Peggy Noonan once remarked that she remembered a strange insight into the character of Reagan. “I remember acknowledging to myself that he didn’t seem to have any close friends. It was only years later that I understood what then remained hidden. Namely that Reagan came to the White House a complete man, all the formative events in his life over, his friends dead.” I’ve never forgotten what read like an epitaph.
Reagan came to the White House perhaps the best read President ever. His agenda was simple to understand: reduced taxes, deregulation, controlled spending in Congress, and a tight money anti-inflation policy. But exactly how did he arrive at this intellectual point.
Reagan understood that that primary cause of inflation was excessive government spending. Too much money floating around eroded the foundation of capitalism, it distorted price signals, and destroyed the nuptial arrangement of supply and demand. All such economic principles were espoused by the Austrian School of Economics, dominated in America by the writings of Fredrick A. Hayak’s monumental text “The Road To Serfdom”.
There were many others who helped shape the thinking of Reagan.
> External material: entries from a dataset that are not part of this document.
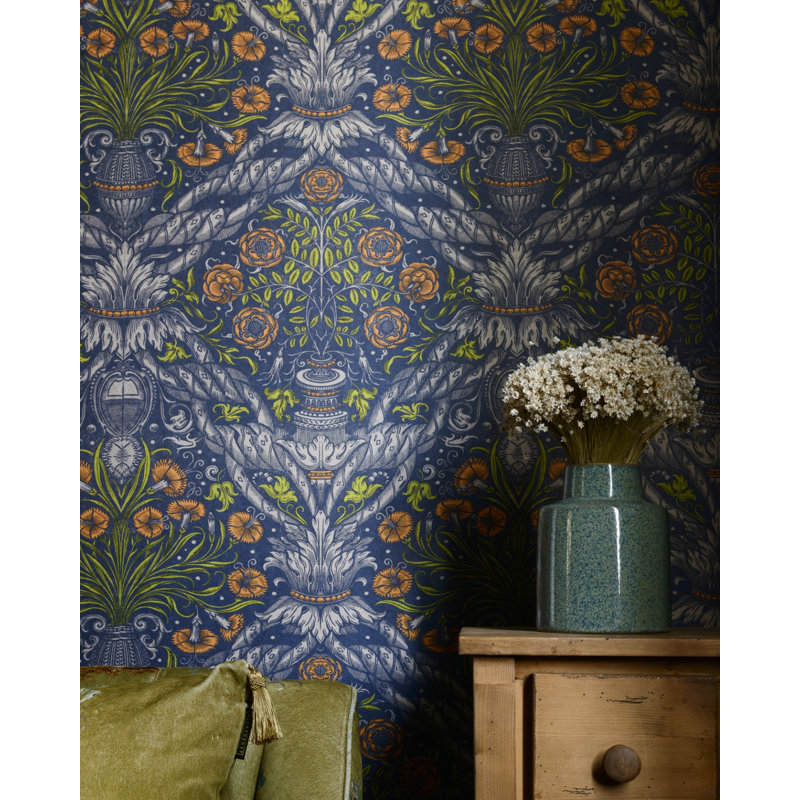 The Transylvanian Manor Floral Wallpaper Roll, Blue/Red/Taupe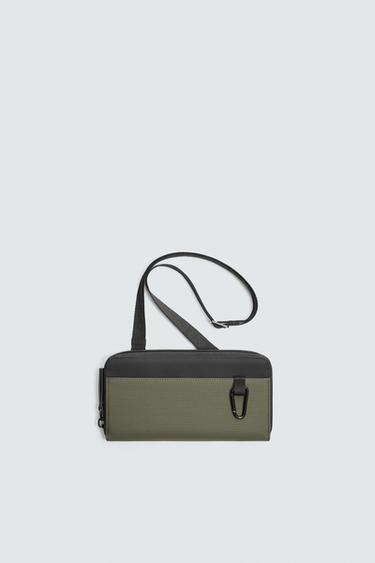 RUBBERISED XL WALLET - Khaki Green by Zara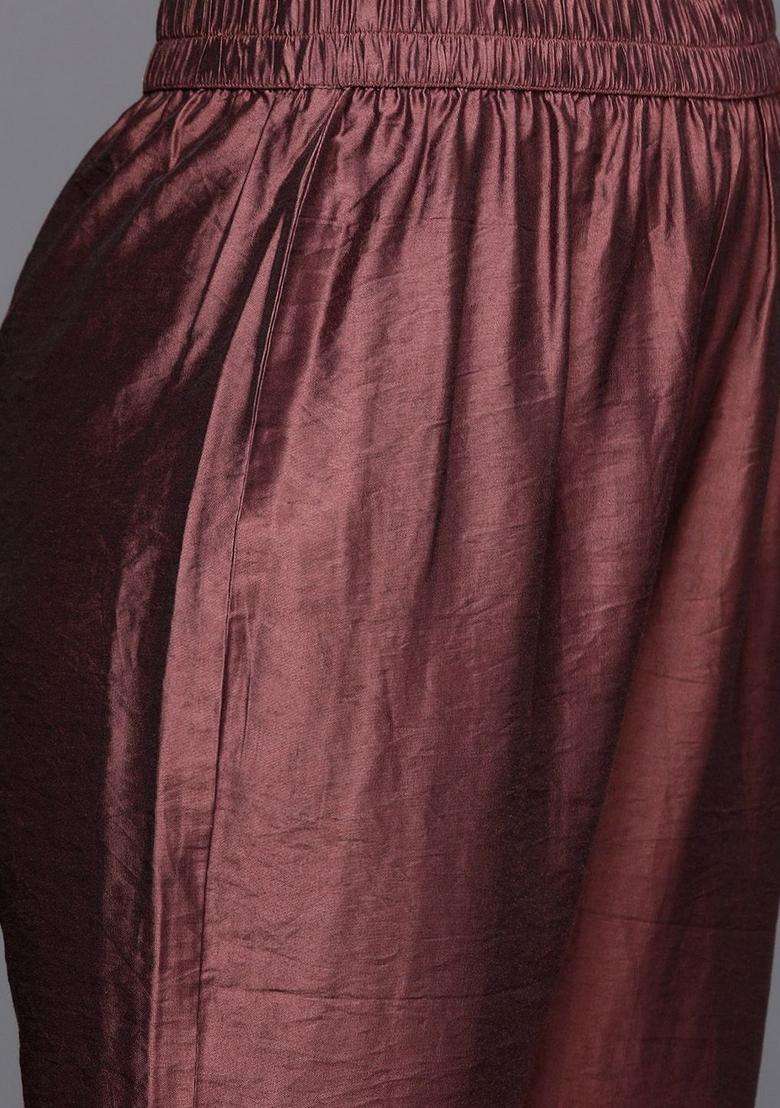 Maroon Printed Silk Kurta Set - Indya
Barry Goldwater’s “The Conscience of a Conservative” was monumental. But perhaps the most significant text was Russell Kirk’s “The Conservative Mind” 1953.
Kirk’s text illuminated on six principals of Conservatism. They are summarized as follows: Belief in a transcendent order that properly discovered by reason can inform both governance and conscience. An attachment to the primacy of the individual over the leveling effects of modernity. The primacy of the rule of law over ruling aristocrats. A conviction that freedom and prosperity are linked. Faith in the cultural mores that inform civil society and the belief that true innovation is social preservation.
For an understanding of the intellectual drive that begot Reagan, begin with Russell Kirk’s text “The Conservative Mind”.